| THE DATA |
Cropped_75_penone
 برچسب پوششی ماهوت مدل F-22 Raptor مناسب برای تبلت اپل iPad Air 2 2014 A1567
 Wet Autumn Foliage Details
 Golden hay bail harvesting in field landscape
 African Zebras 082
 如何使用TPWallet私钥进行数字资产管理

| WHAT IS BEING ASKED |
From the first line to the last, copy the records without alteration.

| ANSWER AREA |
Cropped_75_penone
 برچسب پوششی ماهوت مدل F-22 Raptor مناسب برای تبلت اپل iPad Air 2 2014 A1567
 Wet Autumn Foliage Details
 Golden hay bail harvesting in field landscape
 African Zebras 082
 如何使用TPWallet私钥进行数字资产管理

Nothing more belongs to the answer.